◆ AIM OF THE EXERCISE ◆
Pictures stay out, but every line of the data is copied exactly.

-------- SUPPLIED DATA --------

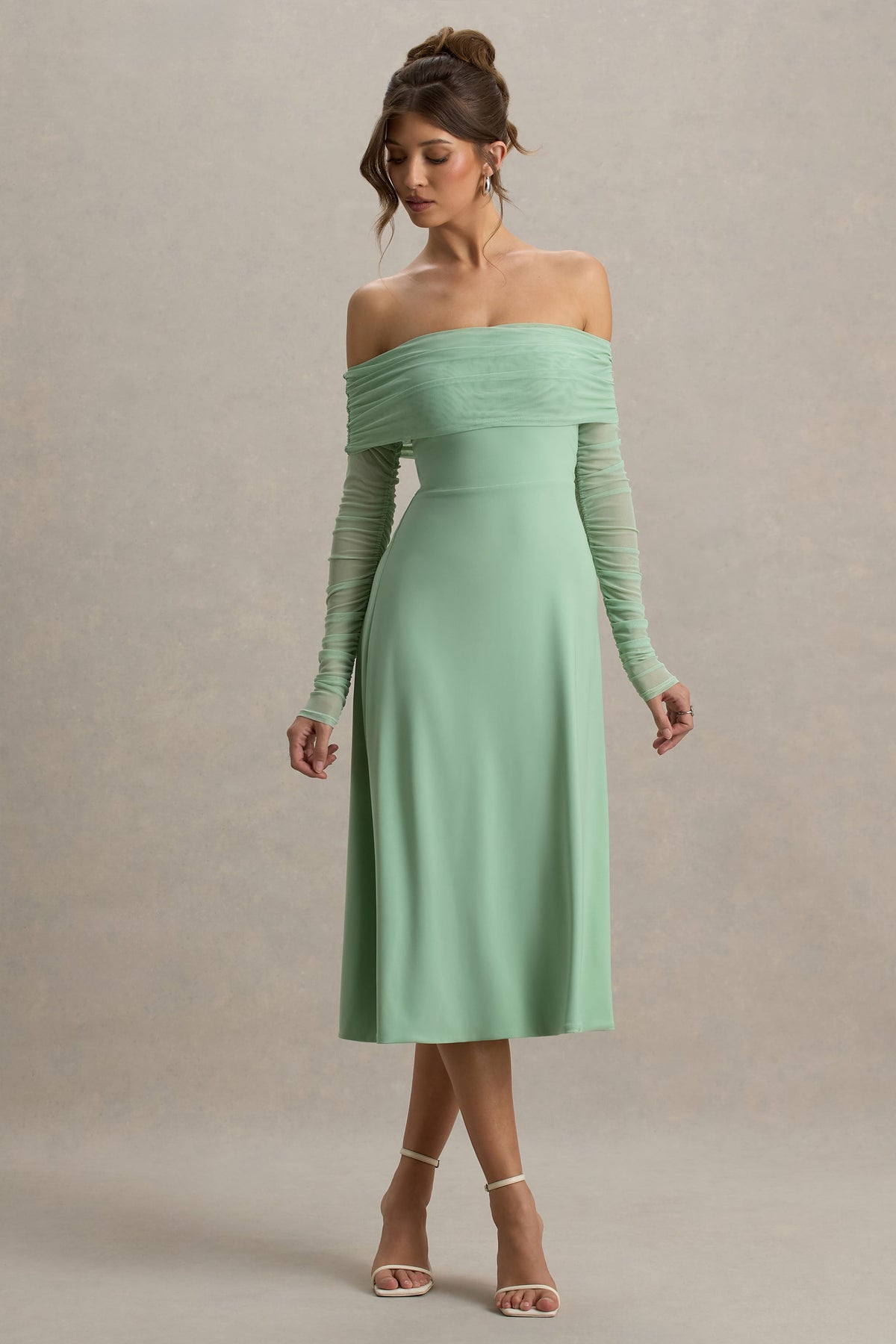 Flatter Me | Hellgrünes Bardot-Midikleid mit Mesh-Ärmeln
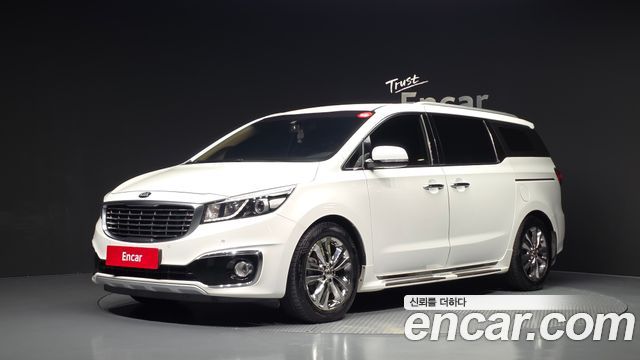Kia Canival 2016 — photo 1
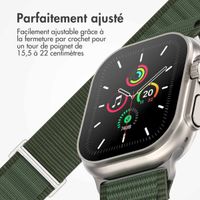 imoshion Bracelet en nylon Alpine Apple Watch Series 1 t/m 11 / SE / Ultra (44/45/46/49 mm) - Vert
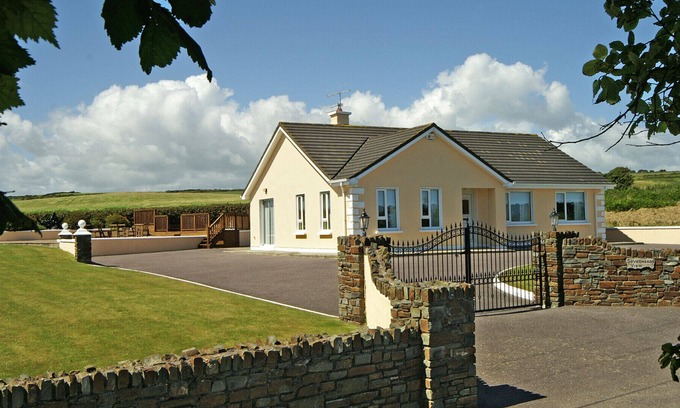 Butlerstown Other | Seven Heads View - Three Bedroom House, Sleeps 6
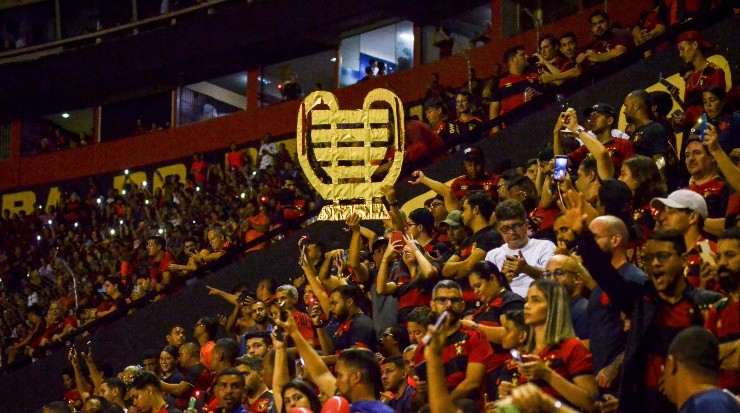 Foto: Igor Cysneiros / SCR - Torcida do Leão sonhando com a popular 'Lampions League'.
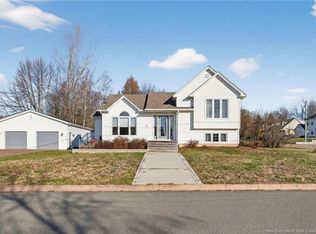 25 Cap Pele Ct, Dieppe, NB E1A 6Z2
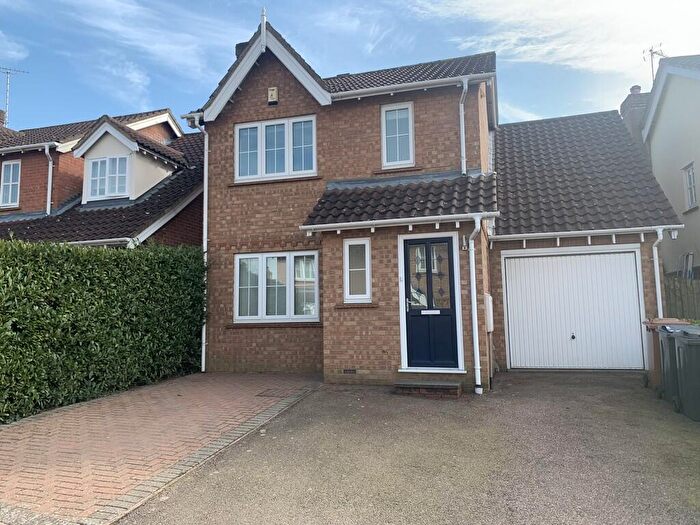 3 Bedroom Detached House To Rent In Martins Drive, Hertford, SG13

--------

◆ WRITTEN REPLY ◆
 Flatter Me | Hellgrünes Bardot-Midikleid mit Mesh-Ärmeln
Kia Canival 2016 — photo 1
 imoshion Bracelet en nylon Alpine Apple Watch Series 1 t/m 11 / SE / Ultra (44/45/46/49 mm) - Vert
 Butlerstown Other | Seven Heads View - Three Bedroom House, Sleeps 6
 Foto: Igor Cysneiros / SCR - Torcida do Leão sonhando com a popular 'Lampions League'.
 25 Cap Pele Ct, Dieppe, NB E1A 6Z2
 3 Bedroom Detached House To Rent In Martins Drive, Hertford, SG13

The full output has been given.